[GRASS-dev] r.series counting maps over certain threshold?

Hi

I need to calculate threshold value for growing degree days
http://en.wikipedia.org/wiki/Growing-degree_day

(we used that in our paper:

Neteler, M., Roiz, D., Rocchini, D., Castellani, C. and Rizzoli, A.
(2011). Terra and Aqua satellites track tiger mosquito invasion:
modeling the potential distribution of Aedes albopictus in
north-eastern Italy. International Journal of Health Geographics,
10:49
http://www.ij-healthgeographics.com/content/10/1/49
)

The existing implementation has been reverted last year, but how to
do that now? I have to find out at which DOY in a pixel a certain value
has been reached. Input are all single daily GDD maps of the year. So
far I used r.series with threshold and count.

Another usage scenario: count all days over a certain temperature pixelwise...
?

Markus

Markus Neteler wrote:

The existing implementation has been reverted last year, but how to
do that now? I have to find out at which DOY in a pixel a certain value
has been reached. Input are all single daily GDD maps of the year. So
far I used r.series with threshold and count.

Another usage scenario: count all days over a certain temperature pixelwise...
?

At present, the only solution is to pre-process the maps with
r.mapcalc then run r.series on the processed maps.

Alternatively, you could re-implement the threshold= option, but
without breaking the quantile= option (which is the reason why the
original version was reverted).

Also, you might consider changing the c_thresh() method to be more
generally useful; I can't imagine that the current implementation
would be of use for anything other than the exact case for which it
was originally written; e.g. it won't help with your second example
because it's triggered by an in-range test (with a hard-coded range of
threshold +/- 10) rather than a greater-than test.

Another option would be to just use r.mapcalc (using a script to
generate the expression). AFAIK, r.mapcalc doesn't have any hard-coded
limits on the number of input maps or the complexity of the
expression; the memory consumption will be worse than r.series (each
intermediate result will get its own row buffer), but only by a
constant factor.

--
Glynn Clements <glynn@gclements.plus.com>

On Thu, Feb 23, 2012 at 6:50 PM, Glynn Clements
<glynn@gclements.plus.com> wrote:

Markus Neteler wrote:

The existing implementation has been reverted last year, but how to
do that now? I have to find out at which DOY in a pixel a certain value
has been reached. Input are all single daily GDD maps of the year. So
far I used r.series with threshold and count.

Another usage scenario: count all days over a certain temperature pixelwise...
?

At present, the only solution is to pre-process the maps with
r.mapcalc then run r.series on the processed maps.

Since I am commonly working with > 10k maps this would generate
a lot of overhead (time, disk space, effort).
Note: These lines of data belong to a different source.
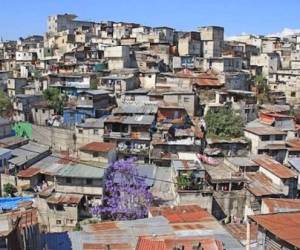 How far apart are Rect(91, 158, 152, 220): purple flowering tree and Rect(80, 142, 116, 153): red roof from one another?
87.2 inches

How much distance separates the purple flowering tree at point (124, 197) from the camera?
23.7 m

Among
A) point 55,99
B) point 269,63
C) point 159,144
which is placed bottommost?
point 159,144

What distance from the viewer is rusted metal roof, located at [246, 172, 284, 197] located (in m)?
24.4

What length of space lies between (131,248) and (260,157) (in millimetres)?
16248

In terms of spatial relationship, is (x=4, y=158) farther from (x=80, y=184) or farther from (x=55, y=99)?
(x=55, y=99)

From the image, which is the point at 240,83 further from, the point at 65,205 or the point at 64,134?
the point at 65,205

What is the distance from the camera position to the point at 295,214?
1364 cm

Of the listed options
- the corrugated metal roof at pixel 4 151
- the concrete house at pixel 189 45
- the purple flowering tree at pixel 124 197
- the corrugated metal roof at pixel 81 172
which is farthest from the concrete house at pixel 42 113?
the concrete house at pixel 189 45

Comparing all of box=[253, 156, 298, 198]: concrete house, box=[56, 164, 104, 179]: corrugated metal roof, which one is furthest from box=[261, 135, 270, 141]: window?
box=[56, 164, 104, 179]: corrugated metal roof

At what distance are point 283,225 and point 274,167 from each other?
14555mm

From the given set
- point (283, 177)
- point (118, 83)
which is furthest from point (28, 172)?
point (283, 177)

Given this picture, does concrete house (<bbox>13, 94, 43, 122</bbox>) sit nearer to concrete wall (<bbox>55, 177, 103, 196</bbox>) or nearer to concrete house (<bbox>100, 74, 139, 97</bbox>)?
concrete house (<bbox>100, 74, 139, 97</bbox>)

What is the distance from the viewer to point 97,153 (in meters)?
28.8

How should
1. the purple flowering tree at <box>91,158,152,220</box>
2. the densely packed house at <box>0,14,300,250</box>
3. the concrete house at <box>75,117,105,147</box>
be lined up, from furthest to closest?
the concrete house at <box>75,117,105,147</box> < the purple flowering tree at <box>91,158,152,220</box> < the densely packed house at <box>0,14,300,250</box> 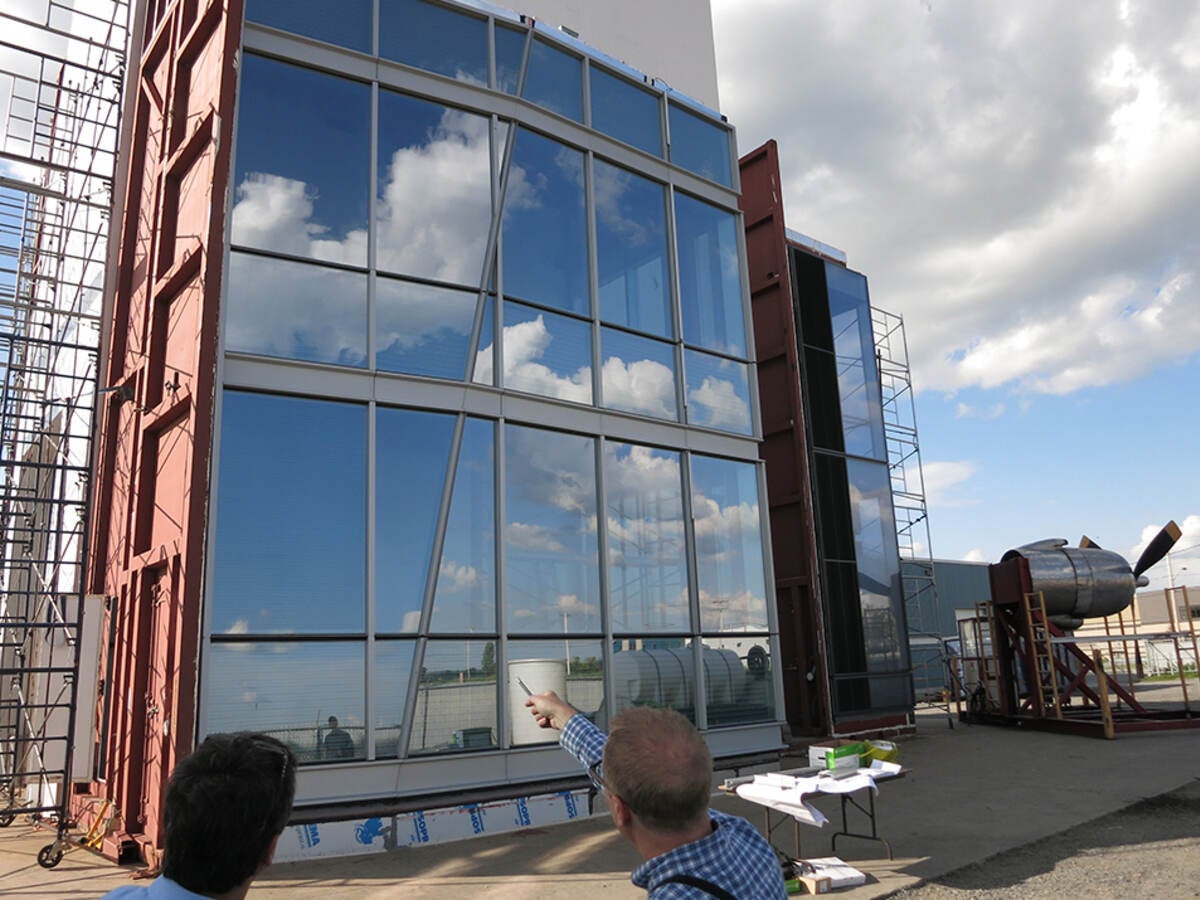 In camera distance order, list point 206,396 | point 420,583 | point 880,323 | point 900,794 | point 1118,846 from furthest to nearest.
→ point 880,323 < point 900,794 < point 420,583 < point 206,396 < point 1118,846

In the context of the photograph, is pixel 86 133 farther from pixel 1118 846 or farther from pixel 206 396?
pixel 1118 846

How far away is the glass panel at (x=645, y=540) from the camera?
1141cm

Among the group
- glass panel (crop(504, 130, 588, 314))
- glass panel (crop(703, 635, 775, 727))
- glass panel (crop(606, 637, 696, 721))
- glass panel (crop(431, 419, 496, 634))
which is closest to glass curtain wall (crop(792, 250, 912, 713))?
glass panel (crop(703, 635, 775, 727))

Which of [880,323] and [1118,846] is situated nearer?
[1118,846]

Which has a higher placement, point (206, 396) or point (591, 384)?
point (591, 384)

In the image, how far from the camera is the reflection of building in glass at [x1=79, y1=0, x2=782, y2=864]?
8.98 metres

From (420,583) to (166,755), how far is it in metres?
2.85

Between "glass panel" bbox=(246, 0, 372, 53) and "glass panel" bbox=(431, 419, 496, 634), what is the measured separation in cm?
479

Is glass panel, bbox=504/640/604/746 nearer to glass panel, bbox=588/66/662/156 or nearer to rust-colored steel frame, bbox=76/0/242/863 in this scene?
rust-colored steel frame, bbox=76/0/242/863

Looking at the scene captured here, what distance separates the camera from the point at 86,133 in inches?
587

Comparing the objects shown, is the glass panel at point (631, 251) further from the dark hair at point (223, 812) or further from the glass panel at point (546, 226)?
the dark hair at point (223, 812)

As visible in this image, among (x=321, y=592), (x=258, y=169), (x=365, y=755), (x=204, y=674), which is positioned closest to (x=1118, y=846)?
(x=365, y=755)

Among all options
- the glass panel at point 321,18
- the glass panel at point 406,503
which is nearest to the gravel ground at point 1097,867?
the glass panel at point 406,503

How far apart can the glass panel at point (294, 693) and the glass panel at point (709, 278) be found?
6.80 meters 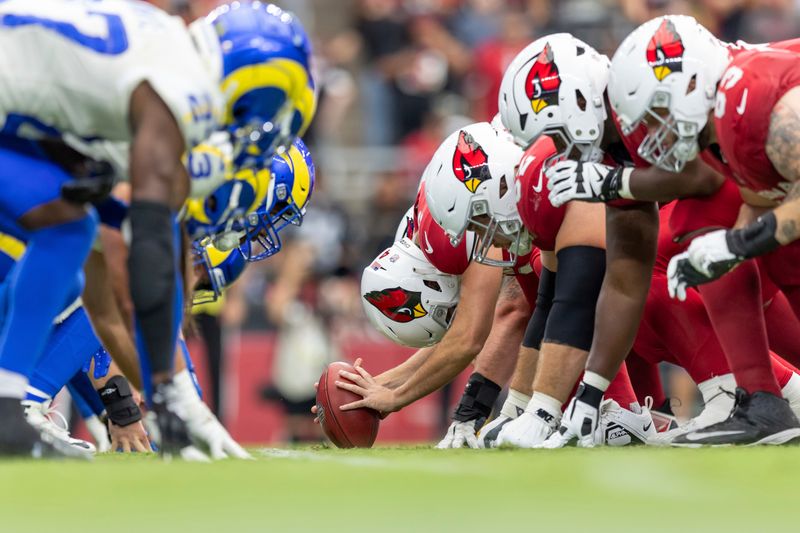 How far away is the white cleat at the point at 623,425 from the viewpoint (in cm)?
605

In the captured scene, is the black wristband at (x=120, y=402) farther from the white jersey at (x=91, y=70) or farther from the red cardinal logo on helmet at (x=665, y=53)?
the red cardinal logo on helmet at (x=665, y=53)

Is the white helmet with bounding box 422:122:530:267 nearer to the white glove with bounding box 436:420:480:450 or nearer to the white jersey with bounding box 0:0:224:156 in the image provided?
the white glove with bounding box 436:420:480:450

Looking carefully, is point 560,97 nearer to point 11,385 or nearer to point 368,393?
point 368,393

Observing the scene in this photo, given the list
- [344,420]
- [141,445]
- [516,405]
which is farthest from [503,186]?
[141,445]

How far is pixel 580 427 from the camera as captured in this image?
5500mm

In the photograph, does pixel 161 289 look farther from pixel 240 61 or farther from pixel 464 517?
pixel 464 517

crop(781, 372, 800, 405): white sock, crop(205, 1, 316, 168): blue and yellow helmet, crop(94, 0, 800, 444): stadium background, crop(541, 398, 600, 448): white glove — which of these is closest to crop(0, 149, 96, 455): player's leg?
crop(205, 1, 316, 168): blue and yellow helmet

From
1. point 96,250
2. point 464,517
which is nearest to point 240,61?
point 96,250

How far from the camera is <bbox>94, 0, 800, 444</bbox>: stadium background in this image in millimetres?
12414

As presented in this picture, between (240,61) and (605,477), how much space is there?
2.04 meters

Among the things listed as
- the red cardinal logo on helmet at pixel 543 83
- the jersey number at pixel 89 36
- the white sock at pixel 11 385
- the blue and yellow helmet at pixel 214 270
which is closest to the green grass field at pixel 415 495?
the white sock at pixel 11 385

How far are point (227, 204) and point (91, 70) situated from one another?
1645 mm

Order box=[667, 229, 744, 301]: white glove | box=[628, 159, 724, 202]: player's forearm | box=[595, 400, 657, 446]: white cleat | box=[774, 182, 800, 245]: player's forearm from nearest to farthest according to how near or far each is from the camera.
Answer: box=[774, 182, 800, 245]: player's forearm < box=[667, 229, 744, 301]: white glove < box=[628, 159, 724, 202]: player's forearm < box=[595, 400, 657, 446]: white cleat

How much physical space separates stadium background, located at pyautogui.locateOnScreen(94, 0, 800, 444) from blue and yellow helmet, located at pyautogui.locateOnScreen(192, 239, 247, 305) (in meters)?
3.76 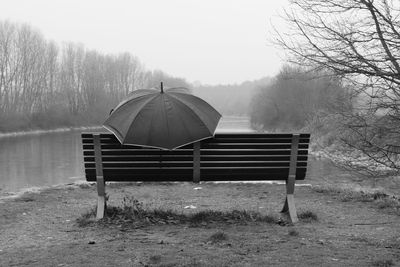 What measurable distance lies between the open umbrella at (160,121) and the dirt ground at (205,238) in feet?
3.07

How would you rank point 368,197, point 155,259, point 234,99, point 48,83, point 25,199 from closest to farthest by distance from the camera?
point 155,259 < point 368,197 < point 25,199 < point 48,83 < point 234,99

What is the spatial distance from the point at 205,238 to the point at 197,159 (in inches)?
46.0

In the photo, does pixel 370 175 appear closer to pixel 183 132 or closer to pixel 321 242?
pixel 321 242

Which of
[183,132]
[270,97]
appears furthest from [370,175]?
[270,97]

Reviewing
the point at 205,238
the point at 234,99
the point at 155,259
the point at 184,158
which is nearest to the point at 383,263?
the point at 205,238

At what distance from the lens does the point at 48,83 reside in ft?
270

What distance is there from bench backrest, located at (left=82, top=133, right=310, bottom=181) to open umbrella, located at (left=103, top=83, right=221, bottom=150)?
0.65 feet

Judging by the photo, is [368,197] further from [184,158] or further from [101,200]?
[101,200]

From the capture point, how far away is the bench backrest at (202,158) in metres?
5.28

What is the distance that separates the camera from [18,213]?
20.3 feet

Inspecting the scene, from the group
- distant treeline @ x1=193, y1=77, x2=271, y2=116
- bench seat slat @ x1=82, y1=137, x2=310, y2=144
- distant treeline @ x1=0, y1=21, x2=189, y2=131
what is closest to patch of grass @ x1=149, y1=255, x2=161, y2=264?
bench seat slat @ x1=82, y1=137, x2=310, y2=144

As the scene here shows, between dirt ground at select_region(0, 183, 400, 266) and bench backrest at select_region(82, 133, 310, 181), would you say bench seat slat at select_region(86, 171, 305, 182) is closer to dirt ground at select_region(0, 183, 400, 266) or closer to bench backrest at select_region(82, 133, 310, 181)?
bench backrest at select_region(82, 133, 310, 181)

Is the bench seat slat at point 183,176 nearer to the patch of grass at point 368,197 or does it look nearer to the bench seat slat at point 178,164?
the bench seat slat at point 178,164

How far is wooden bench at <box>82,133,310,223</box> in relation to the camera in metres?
5.28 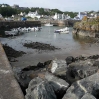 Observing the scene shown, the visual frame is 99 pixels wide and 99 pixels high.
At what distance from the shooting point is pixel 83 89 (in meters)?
5.52

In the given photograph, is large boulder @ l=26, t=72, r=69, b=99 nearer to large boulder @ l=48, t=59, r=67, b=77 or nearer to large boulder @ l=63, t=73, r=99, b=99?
large boulder @ l=63, t=73, r=99, b=99

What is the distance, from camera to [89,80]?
5.93 meters

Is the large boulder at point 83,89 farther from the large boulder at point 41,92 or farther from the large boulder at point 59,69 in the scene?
Result: the large boulder at point 59,69

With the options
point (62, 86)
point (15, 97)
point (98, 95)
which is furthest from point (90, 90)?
point (15, 97)

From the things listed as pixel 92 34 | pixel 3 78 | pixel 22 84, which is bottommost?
pixel 92 34

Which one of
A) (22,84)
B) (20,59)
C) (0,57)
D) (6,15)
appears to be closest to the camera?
(22,84)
Alternatively, you could re-implement the threshold= option, but
without breaking the quantile= option (which is the reason why the
original version was reverted).

If I knew how...

Also, you might consider changing the c_thresh() method to be more
generally useful; I can't imagine that the current implementation
would be of use for anything other than the exact case for which it
was originally written; e.g. it won't help with your second example
because it's triggered by an in-range test (with a hard-coded range of
threshold +/- 10) rather than a greater-than test.

I would be happy to see an improved version there.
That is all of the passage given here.